(Supplied entries begins)

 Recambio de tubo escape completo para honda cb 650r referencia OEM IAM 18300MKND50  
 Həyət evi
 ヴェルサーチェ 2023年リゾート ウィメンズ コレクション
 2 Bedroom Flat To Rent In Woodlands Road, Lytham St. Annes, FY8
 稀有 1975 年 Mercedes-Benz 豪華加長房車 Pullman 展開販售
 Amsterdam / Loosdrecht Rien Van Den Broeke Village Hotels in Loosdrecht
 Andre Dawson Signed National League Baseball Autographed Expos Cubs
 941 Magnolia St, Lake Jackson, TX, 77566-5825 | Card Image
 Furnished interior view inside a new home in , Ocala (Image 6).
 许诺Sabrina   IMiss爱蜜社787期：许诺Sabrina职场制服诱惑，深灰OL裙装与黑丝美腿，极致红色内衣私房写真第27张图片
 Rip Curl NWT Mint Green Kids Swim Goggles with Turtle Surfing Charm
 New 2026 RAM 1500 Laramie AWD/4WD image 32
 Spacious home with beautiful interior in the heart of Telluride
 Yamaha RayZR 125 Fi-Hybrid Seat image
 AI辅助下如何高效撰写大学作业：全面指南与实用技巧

(Supplied entries ends)

## Directions for this task
One line above contains "稀有 1975 年 Mercedes-Benz 豪華加長房車 Pullman 展開販售". Output that line and each one after it, word for word, and nothing else.

## Task output
 稀有 1975 年 Mercedes-Benz 豪華加長房車 Pullman 展開販售
 Amsterdam / Loosdrecht Rien Van Den Broeke Village Hotels in Loosdrecht
 Andre Dawson Signed National League Baseball Autographed Expos Cubs
 941 Magnolia St, Lake Jackson, TX, 77566-5825 | Card Image
 Furnished interior view inside a new home in , Ocala (Image 6).
 许诺Sabrina   IMiss爱蜜社787期：许诺Sabrina职场制服诱惑，深灰OL裙装与黑丝美腿，极致红色内衣私房写真第27张图片
 Rip Curl NWT Mint Green Kids Swim Goggles with Turtle Surfing Charm
 New 2026 RAM 1500 Laramie AWD/4WD image 32
 Spacious home with beautiful interior in the heart of Telluride
 Yamaha RayZR 125 Fi-Hybrid Seat image
 AI辅助下如何高效撰写大学作业：全面指南与实用技巧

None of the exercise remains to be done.